Wednesday, October 25, 2017

Our Roots In The Caribbean, October 25, 2017

 
Family traditions counter alienation and confusion.
They help us define who we are;
they provide something steady, reliable and safe
in a confusing world.
~Susan Lieberman

Happy Birthday Mandi! Today is the birthday of Mandi Aquiningoc, daughter of Kerri Shepard Aquiningoc and granddaughter of my brother Gary Shepard. Mandi and her daughter Kambree are part of our family who live in the area around Weatherford, Texas. Mandi was born 25 years ago here in San Diego but has lived most of her life in Texas.

Best wishes to Mandi for a wonderful 25th Birthday. This first picture shows Mandi with her daughter Kambree.

Two More John Sheppards. In my last post, I introduced you to the oldest Shepard ancestors I had found, John Sheppard III and his wife Mary Ann Hudson Sheppard, whose lives reached back into the early 18th century. Mary Ann and John were originally from Maryland and were among our earliest Shepard ancestors who began the movement westward across the U.S.

You may be asking, What about John Sheppard II and John Sheppard I? Since there was a John Sheppard III, there must have been a II and a I, right? Indeed there was. Let me introduce to you John II and John I, who can now be added to our family tree.

6X Great Grandfather John Sheppard II was born in 1713. He died in 1741 at just 28 years old, according to the information attached to the cemetery listing for his son John Sheppard III. John II was married to a woman named Ann, whose maiden name is unknown. John II's father, who was John Sheppard I, was born in 1670, at St Michaels Parish, Barbados, and died in 1738. The wife of John I was Ann Sheppard (maiden name unknown) who was born in 1680.
 
Our Roots in the Caribbean. The "Passenger and Immigration Lists Index, 1500s-1900s" shows that John Sheppard I arrived in Maryland on a ship from the Caribbean Island of Barbados in 1726. This is one of the few details we have on the lives of our Sheppard ancestors from the 18th century.

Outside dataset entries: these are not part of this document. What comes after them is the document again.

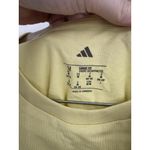 Adidas Jet Set Cabana T-Shirt Women Medium Yellow Cropped NEW Athleisure Photo 2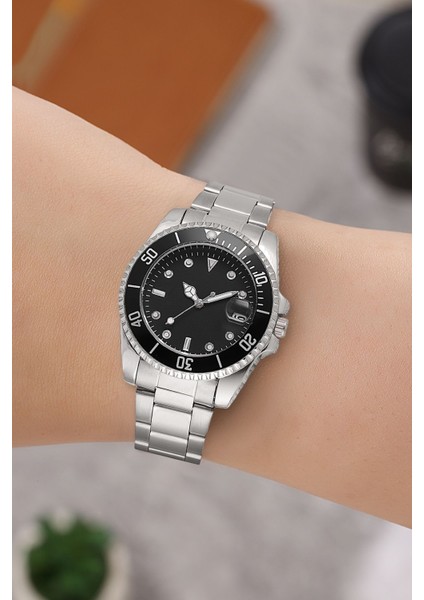 Takvim Göstergeli Zamansız Tasarım Metal Kadın Kol Saati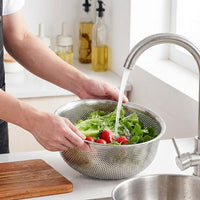 Stainless Steel Colander and Mixing Bowl Set, 2 Pack Thickened 304 18-10 Round Draining Basket and Washing Bowl, Rice Washer Vegetable Strainer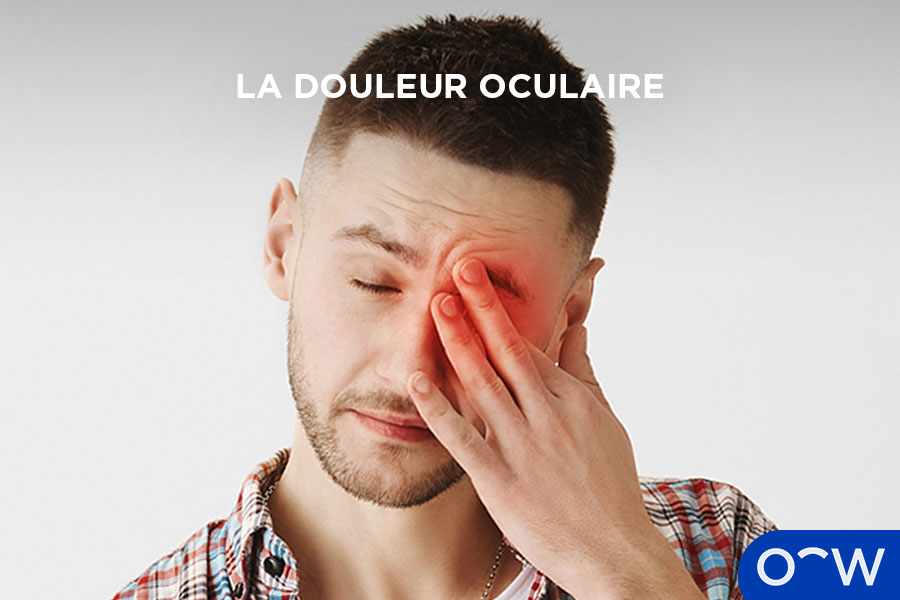 Un homme portant son doigt sur son œil douloureux. La douleur est indiquée par un point rouge sur l'œil touché.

The Caribbean was a common place from which European immigrants came to America in the 18th century. The "Passenger and Immigration List" on which John Sheppard I is found includes those who sailed to America for political, religious or economic reasons, or those who were deported for "Vagrancy, Roguery, or Non-Conformity," or those who were sold for labor in the new world across the Atlantic.

We don't know which of those offenses caused our John Sheppard to be among those who arrived by ship in Maryland in 1726. It would be nice to think he came to the new world for religious reasons. That sounds so pious. But knowing us Shepards these days, our Sheppard forefather could have left Europe and sailed across the Atlantic because of "roguery" or "non-conformity" (God forbid!).

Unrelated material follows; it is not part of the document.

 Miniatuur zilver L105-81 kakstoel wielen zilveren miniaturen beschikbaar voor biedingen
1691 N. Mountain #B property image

The First of our Shepard Ancestors. Whatever caused them to leave their homeland, probably in Europe, and come across the Atlantic, our Sheppard ancestors came to the Caribbean either for personal reasons, or they were deported, or they were indentured servants. It is very possible then that John Sheppard I worked hard enough to clear his name and make enough money in Barbados to get on a ship and immigrate to Maryland. There he, and whatever family he had with him, became the first of our Shepard ancestors to arrive in the New Colonies. They arrived in 1726, almost 300 years ago!

The British West Indies of the Caribbean were very productive for Britain in the 18th century. At that time they brought in more revenue for England than all the Colonies of the new world combined. There were thousands of slaves from Africa who were forced to work in the Caribbean, but there were also many Europeans who voluntarily or involuntarily arrived in the Caribbean to help in the sugar cane industry. For that reason the West Indies were very important on the world scene, and were a very popular avenue by which many black and white individuals eventually made their way to what would become America.

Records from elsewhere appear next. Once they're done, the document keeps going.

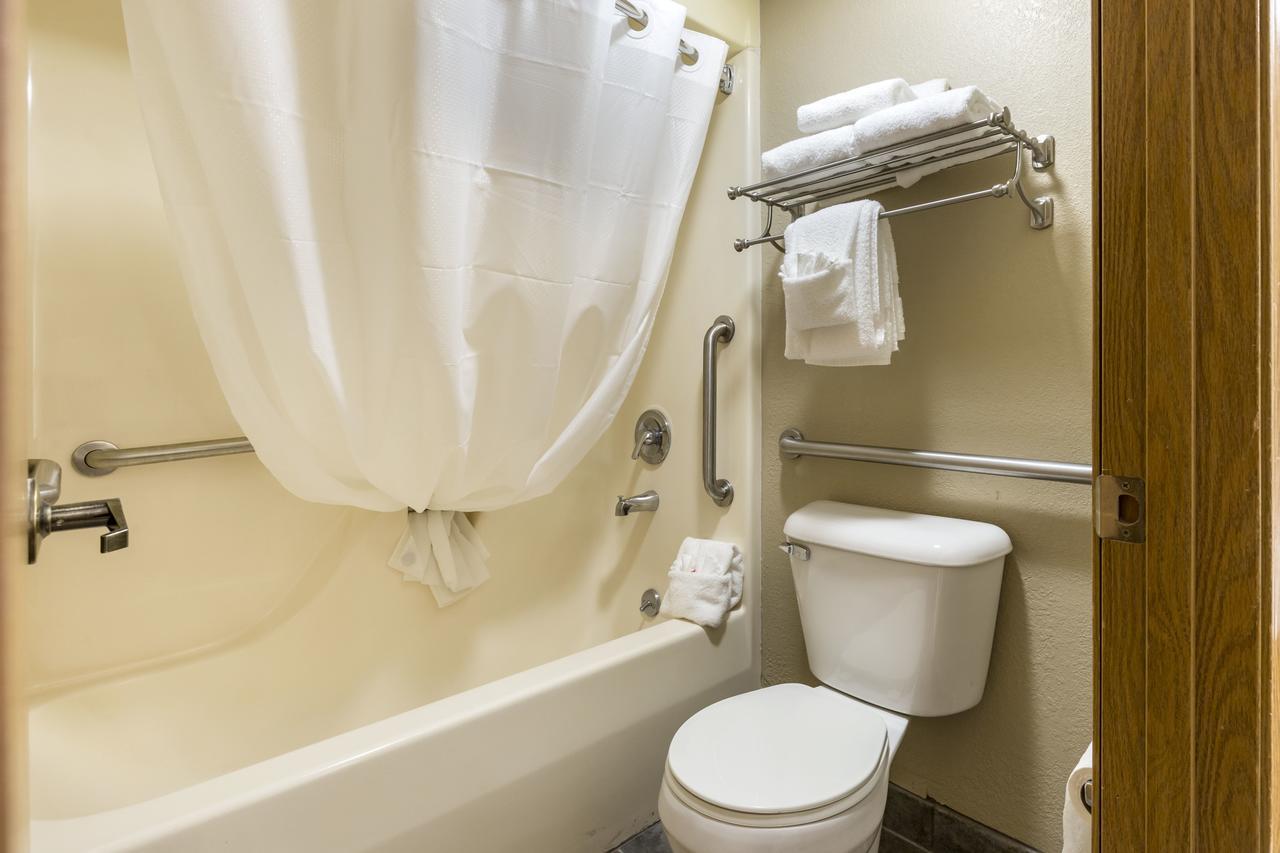Hotel Econo & Shepherd Of The Hills Expy 3*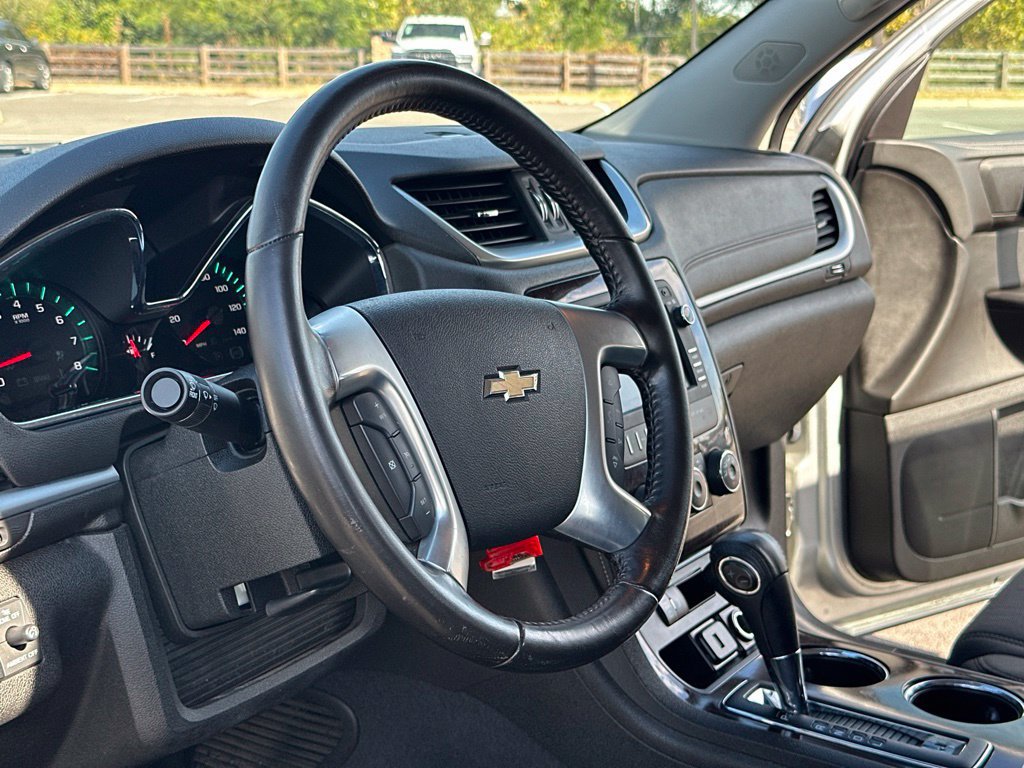 Used 2017 Chevrolet Traverse LT FWD image 30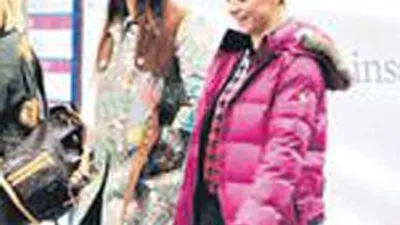 Demet Akalın trafiği felç etti !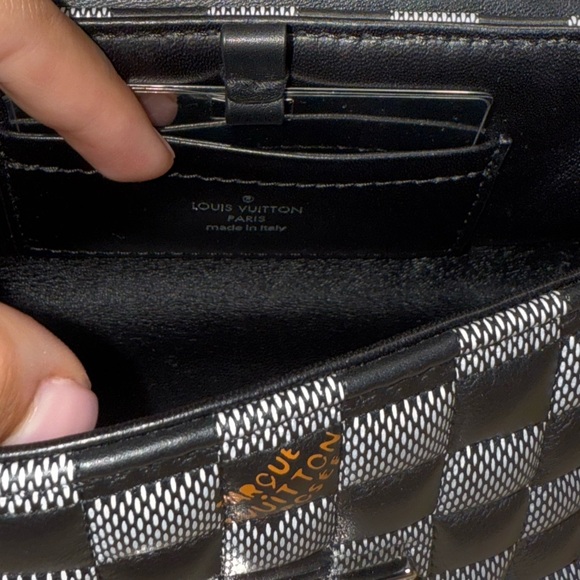 Louis Vuitton Damier Twist BB - Picture 8 of 11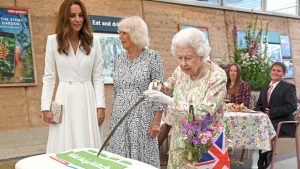 Business Prime News-Queen Elizabeth cut cake using the with a royal sword_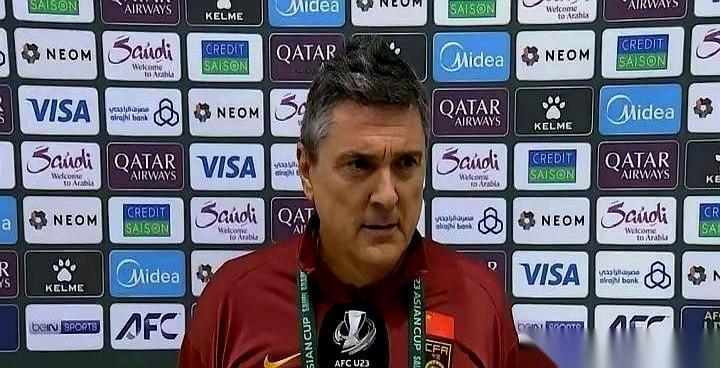 输日本了。赛后发布会，有个记者抛了个问题给咱们U19的洋帅安东尼奥，那话问的，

The life story of founding father Alexander Hamilton is getting lots of press these days because of the blockbuster stage play "Hamilton." He is an example of this very migration pattern. His ancestors were also white Europeans, just as our Sheppard ancestors were. Hamilton made it to America, just as John Sheppard did, in the 18th century. Hamilton also came to America via the Caribbean. In his case it was the island of St Croix, not far from Barbados, the island from which John Sheppard I came to America.

With these three John Sheppards and their wives (our family's founding Fathers and Mothers) we can now show our Shepard ancestry for 9 generations before me, going back to 1670. The following is a 13 generation lineage including my brother Gary, his granddaughter, birthday girl Mandi Aquiningoc, and her daughter Kambree one of our youngest Shepard descendants.
  • John Sheppard I (1670-1738) and wife Ann Sheppard (b. 1680-?))
  • John Sheppard II (1713-1741) and wife Ann Sheppard (dates unknown)
  • John Sheppard III (1737-1827) and wife Mary Ann Hudson (1755-1824)
  • James Cross Sheppard Sr. (1775-1843) and wife Hannah Gatchell (1781-1839)
  • James Cross Sheppard Jr. (1813-1887) and wife Hannah Sheppard (b. 1812)
  • William Shepard (1835-1862) and wife Mary Ellen Sprague (1840-1919)
  • William Elmer Shepard (1862-1915) and wife Elvira Owens (1865-1931)
  • William Shepard (1888-1976) and wife Bura Davis (1896-1986)
  • Eugene William Shepard (1921-2003) and wife Maida Gower (b. 1924)
  • Gary Shepard (b. 1946) and wife Cindy Dillon (b. 1954)
  • Kerri Shepard Aquiningoc (b. 1968) and husband Manuel Aquiningoc (1961-1992)
  • Mandi Aquiningoc (b. 1992)
  • Kambree Aquiningoc (b. 2013)
In upcoming posts: "A Fantasy Road Trip" or "Where the Bodies Are Buried." I will take a Shepard genealogical journey across America, briefly retracing our family's ancestral steps across American from the Atlantic to the Pacific.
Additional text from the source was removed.